For Pischer—a wiry, shaggy-haired former cook and groundskeeper—organic farming is not a job; it’s a calling that has led him out to his fields by 6 a.m. nearly every morning for the last 20 years. Pischer began leasing the five acres of land in 1978, bought it a few years later and built or renovated just about everything that’s on it, including the barn that houses his long-time hired help. For years he went without indoor plumbing to save enough money to dig three wells to water his crops. Today, Pischer and his wife Pam and their four children, aged three to 10, do have indoor plumbing, but the fields outside remain the center of the family’s existence.

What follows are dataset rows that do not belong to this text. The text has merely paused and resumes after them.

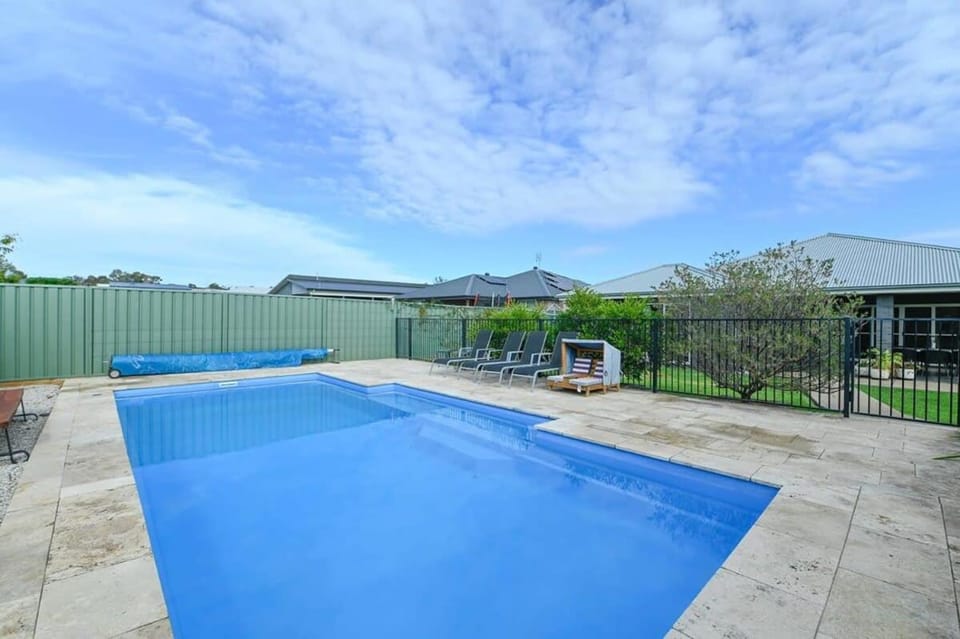 Luxe on Lincoln - Close to Zoo, Rejuvenating Pool House in Dubbo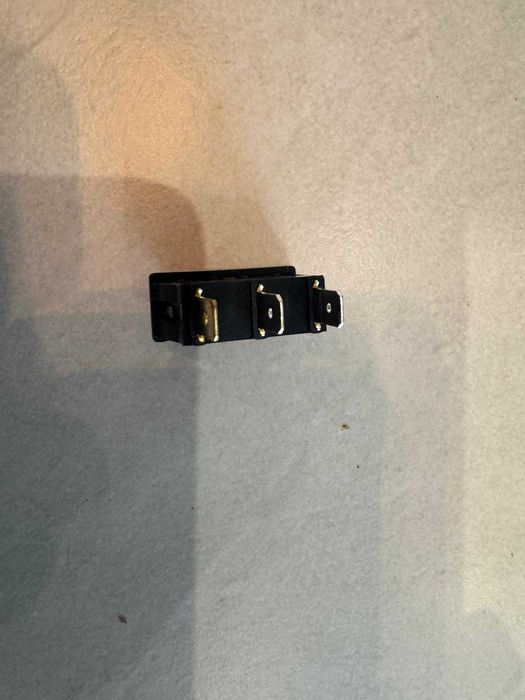 Interruptor 2 posições 3 pinos 250V, 15A, equipamento elétrico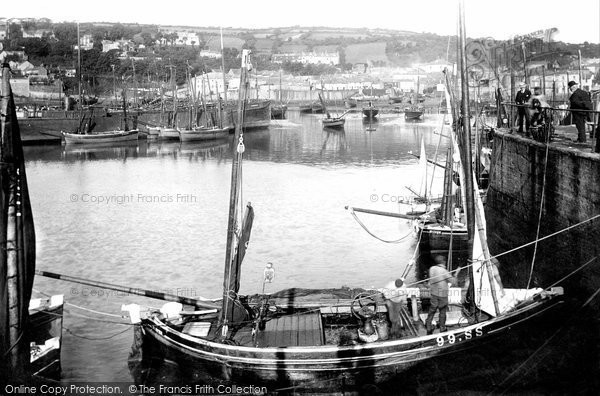 Photo of Newlyn, Landing Fish 1906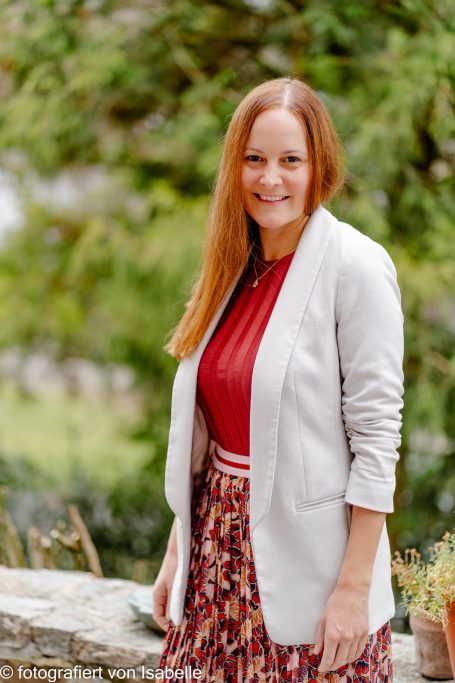 klar und professionell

From October through May, visitors to Jessica’s Stand (named after Pischer’s 10-year-old daughter and open Friday afternoons and Saturday mornings) will find a wide variety of seasonable produce, including broccoli, cauliflower, tomatoes, celery, bell peppers, carrots, green beans, sugarsnap peas and an enticing assortment of greens, from Romaine lettuce to Swiss chard, arugula and dandelion. Pischer also imports organic produce, including apples, potatoes, cherries, pears and much, much more.

“People think we’re radicals,” Pischer says of organic farmers. “But I think the radicals are those who are strip mining, tearing down our forests, the ones who are the chemical farmers. We’re the real conservatives.”